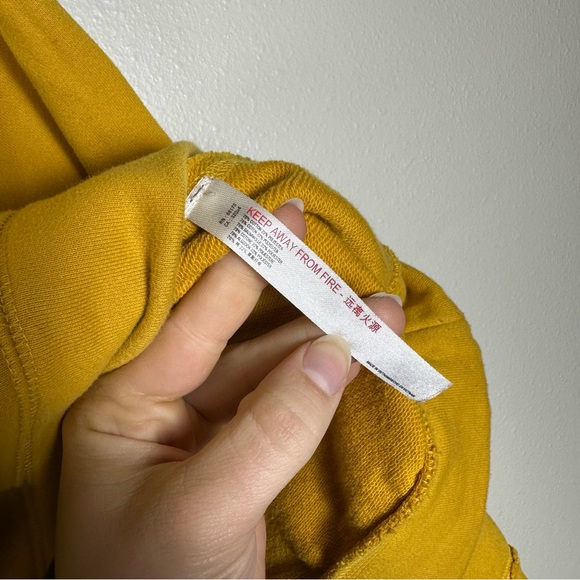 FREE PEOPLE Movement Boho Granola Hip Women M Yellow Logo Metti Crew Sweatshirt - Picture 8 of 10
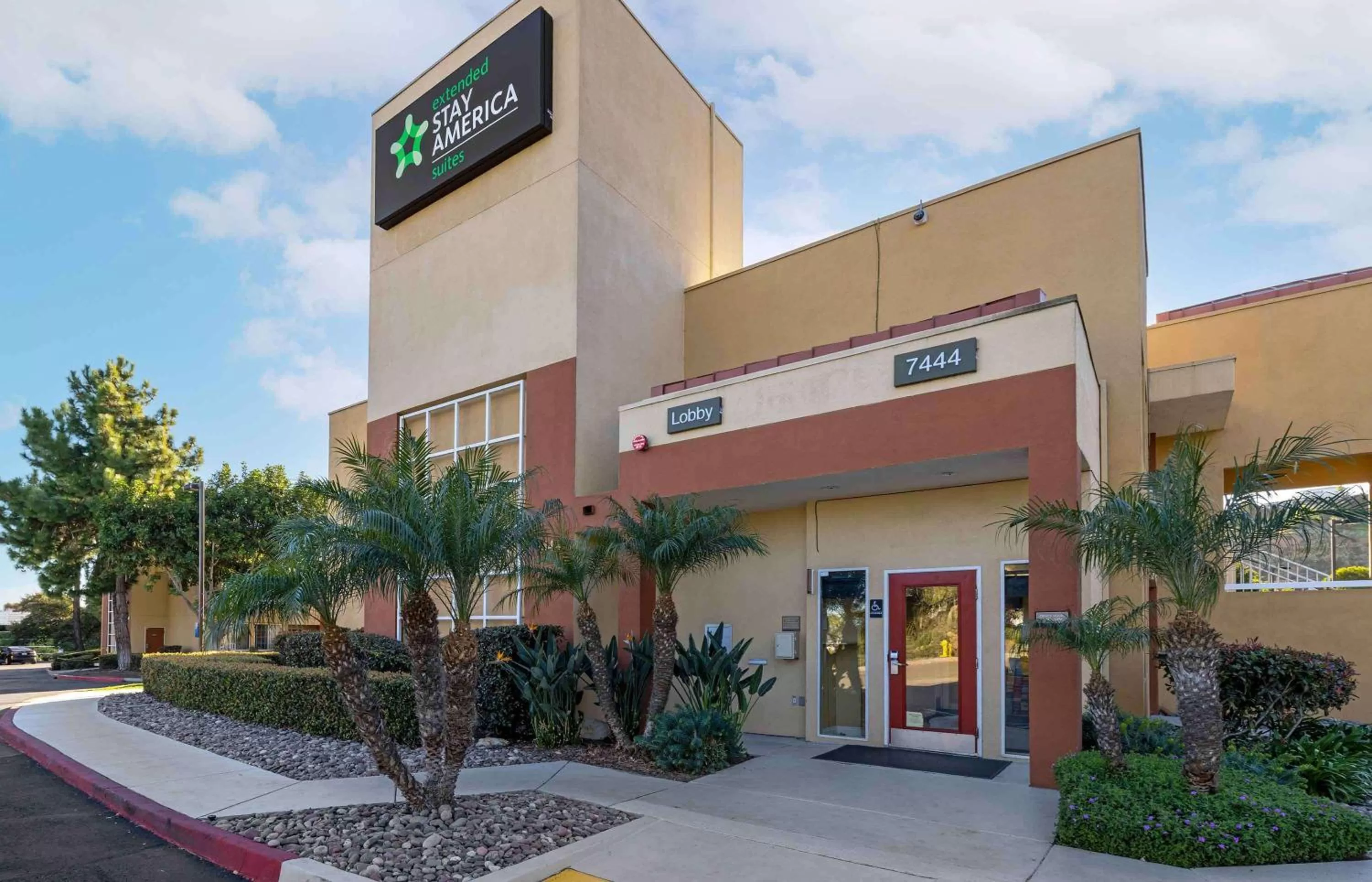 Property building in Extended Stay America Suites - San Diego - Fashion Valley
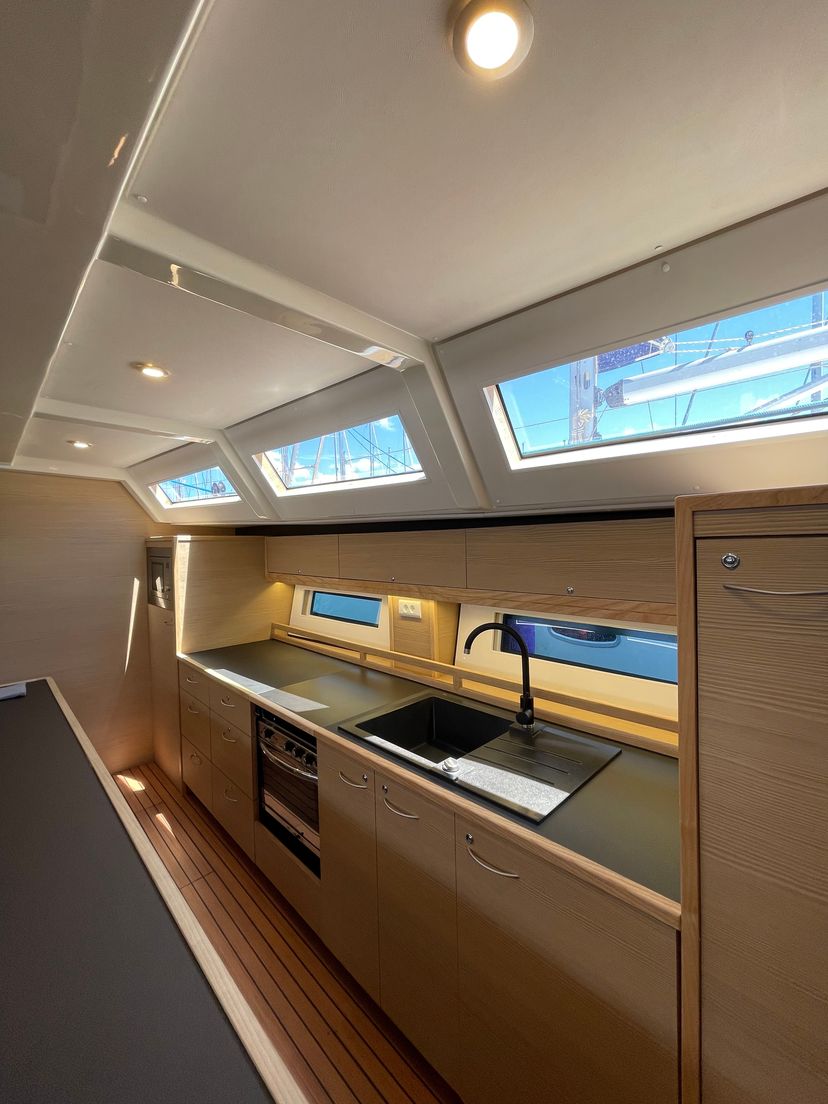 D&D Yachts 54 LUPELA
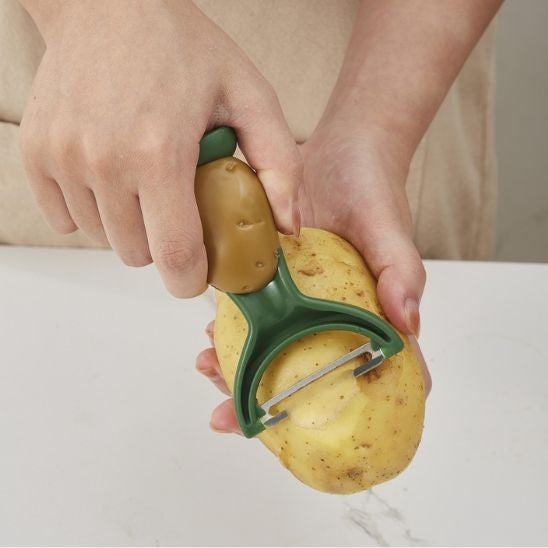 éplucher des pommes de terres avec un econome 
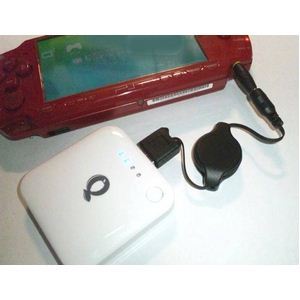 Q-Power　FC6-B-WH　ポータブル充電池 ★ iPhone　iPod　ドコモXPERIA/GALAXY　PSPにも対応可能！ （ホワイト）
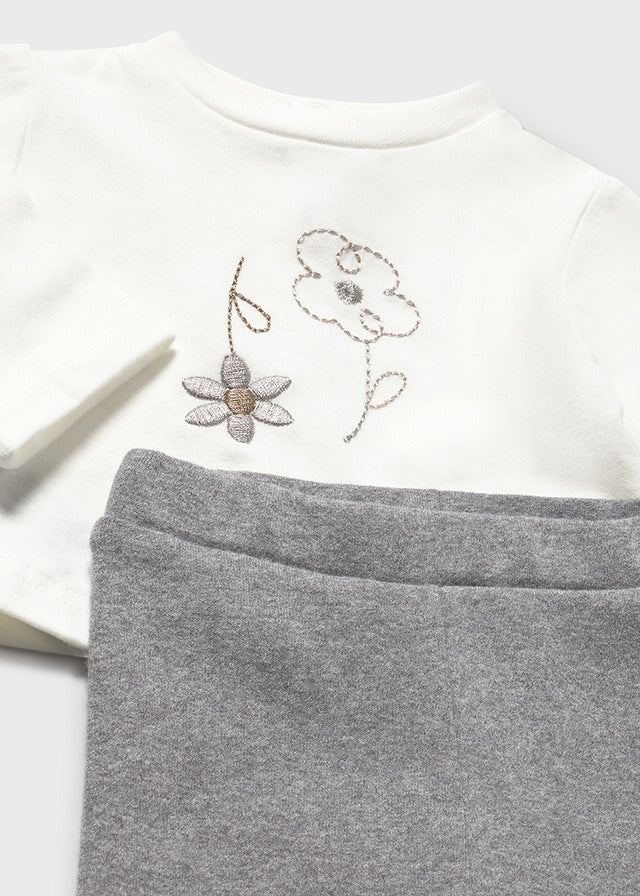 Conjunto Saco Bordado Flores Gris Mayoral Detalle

☆ ☆ ☆ ☆ ☆ ☆ ☆

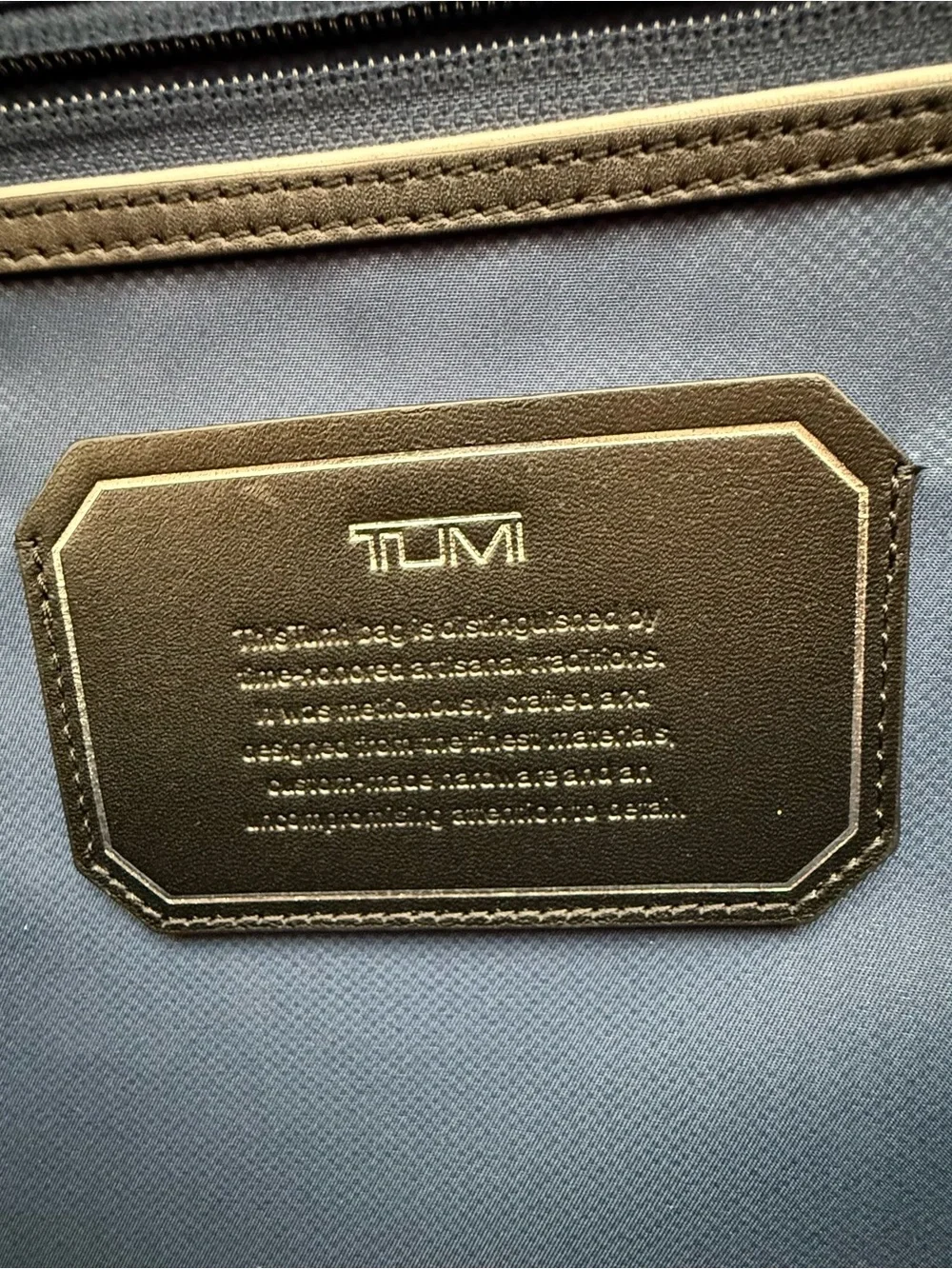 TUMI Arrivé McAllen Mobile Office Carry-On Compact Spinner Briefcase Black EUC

☆ ☆ ☆ ☆ ☆ ☆ ☆

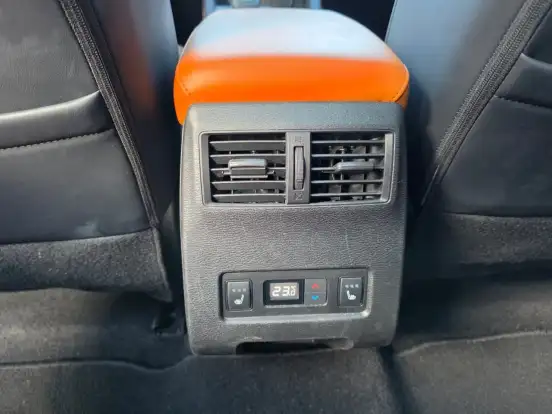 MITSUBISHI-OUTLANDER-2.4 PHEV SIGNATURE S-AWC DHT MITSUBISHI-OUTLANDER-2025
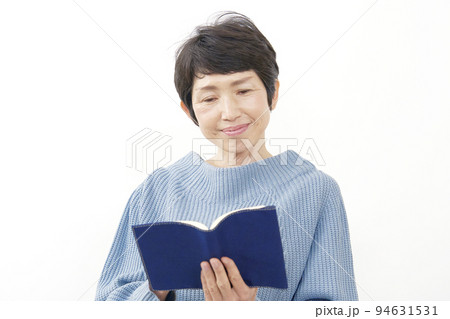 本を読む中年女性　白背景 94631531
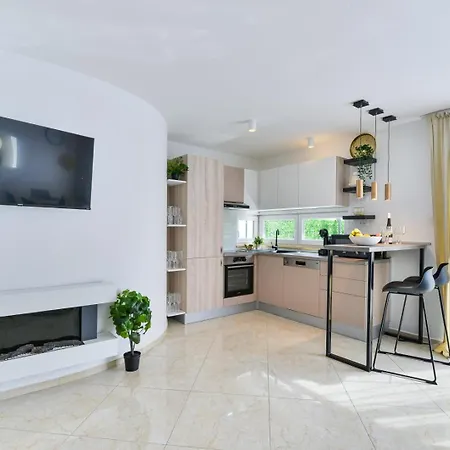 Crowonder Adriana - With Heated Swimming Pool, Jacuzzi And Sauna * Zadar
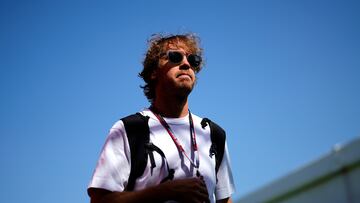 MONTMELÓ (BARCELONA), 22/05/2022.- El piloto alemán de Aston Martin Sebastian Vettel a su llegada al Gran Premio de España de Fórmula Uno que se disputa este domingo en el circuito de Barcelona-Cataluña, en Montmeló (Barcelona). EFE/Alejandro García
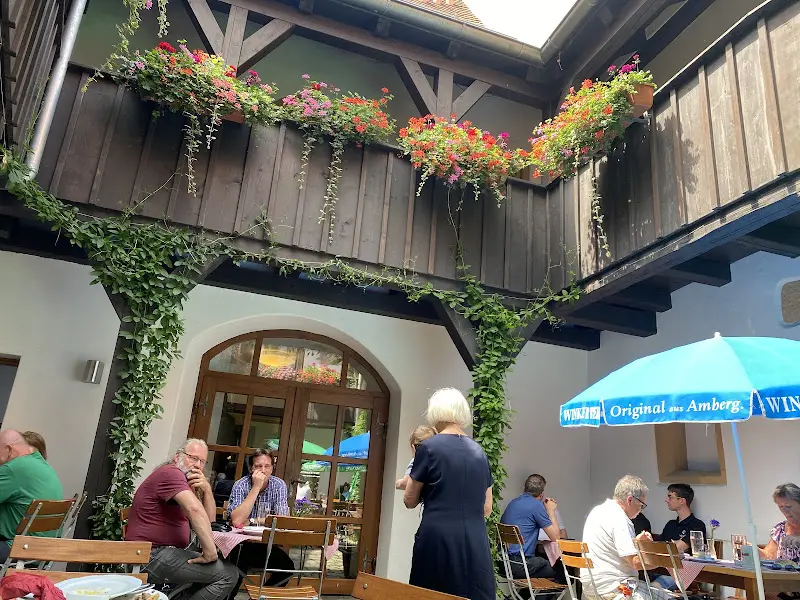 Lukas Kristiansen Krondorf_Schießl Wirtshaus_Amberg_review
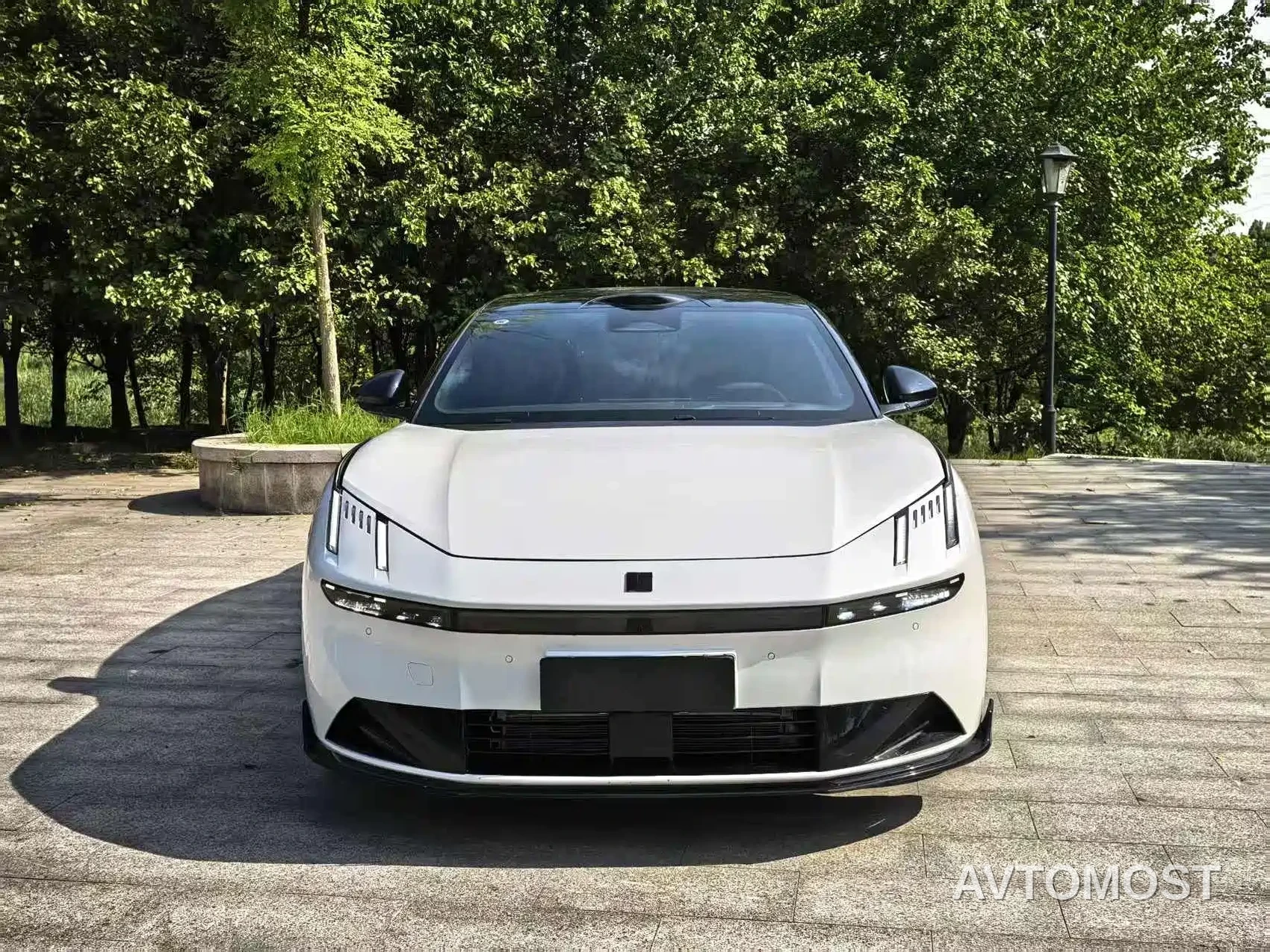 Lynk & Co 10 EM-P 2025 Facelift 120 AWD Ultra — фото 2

☆ ☆ ☆ ☆ ☆ ☆ ☆

_Work to be completed_
With the pictures removed from your copy, retype the lines above from the one that contains "Lukas Kristiansen Krondorf_Schießl" through the one that contains "Lynk & Co 10", exactly.

_Answer to the exercise_
 Lukas Kristiansen Krondorf_Schießl Wirtshaus_Amberg_review
 Lynk & Co 10 EM-P 2025 Facelift 120 AWD Ultra — фото 2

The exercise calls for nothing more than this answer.